JERUSALEM – The widening protests in Israel against the plan for judicial amendments, led by the government of Benjamin Netanyahu, reflect the internal crisis and polarization, the deepening rift in Israeli society, political and partisan conflict, and the growing state of division.

Analysts and think tanks agree that Israeli society, which has entered an unprecedented state of conflict over the identity of the Jewish state and the Zionist project and its future features, will not return to what it was.

They argue that the rift in Israeli society, the protests, the division in the army and security institutions, and the repercussions of the division on the economy, banking and academia will lead to a divided Israeli society that has no consensus on any issue, even with regard to national security.


Is it chaos?

Regarding the repercussions of the judicial amendments and protests on the military institution and the army, security and military affairs analyst Ofer Shelah said that the widening of the demonstrations and the rejection of the amendments by the dismissed Defense Minister Yoav Galant and the demand for their suspension reflect concerns and risks to the army unit.

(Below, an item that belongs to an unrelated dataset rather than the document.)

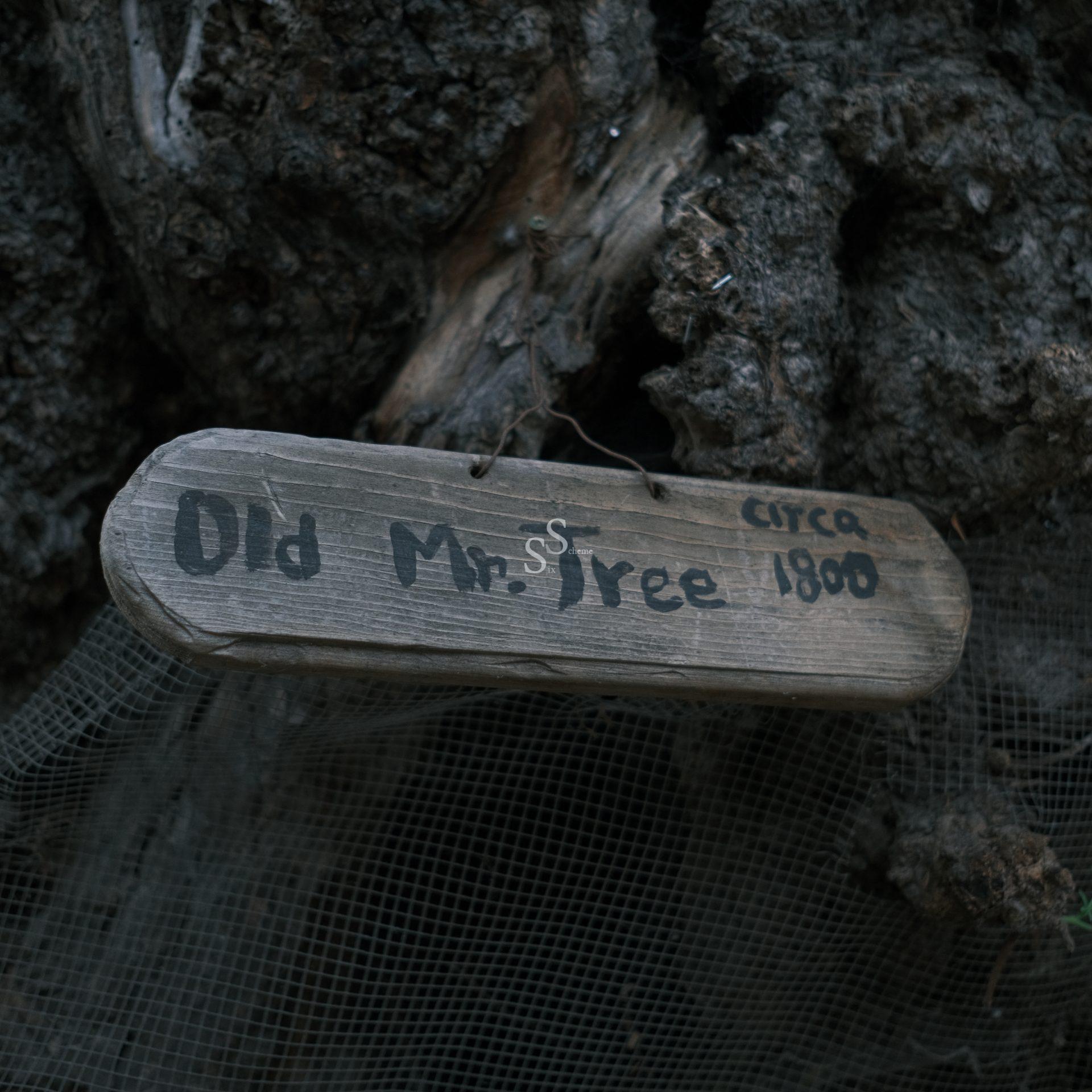 A weathered wooden sign reads Old Mr. Tree circa 1800, attached to rough tree bark with some wire mesh visible below.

Shelah believes that Galant's knowledge of the dangers and repercussions of the judicial amendments on the military and the military institution prompted him to declare his position demanding that the passage of these amendments be stopped by the Knesset.

Shelah explained to Al Jazeera Net that the protests could reach the ranks of the army, not only to the reserve forces, which obliges the chiefs of staff to face the refusal to appear for reserve service or evade military service.


The security and military affairs analyst is concerned that the People's Army could fragment if the rift in Israeli society widens as a result of the lack of dialogue between the ruling coalition and opposition parties.

The extent to which these protests will be unpredictable is unpredictable, as current events suggest that Israel is heading towards chaos in the absence of responsible and inclusive leadership.

The same proposition is adopted by Idit Shafran Gettleman, head of the "Army and Society" program at the Israel Democracy Institute and a researcher at the Center for National Security Research of Tel Aviv University, who confirmed – in an assessment of the position received by Al Jazeera Net a copy of it – that "when there is a rift in Israeli society, this reflects negatively on the military institution and the army."

With regard to the strength of the army in light of the protests and the plan of legislative reforms in the judiciary, Geitelman believes that the army cannot be separated from what is happening in Israeli society, as the civilian space is mixed with the military, and therefore the state of fragmentation and internal conflicts contribute to the cracking of the statement "The Israeli army is the army of the people."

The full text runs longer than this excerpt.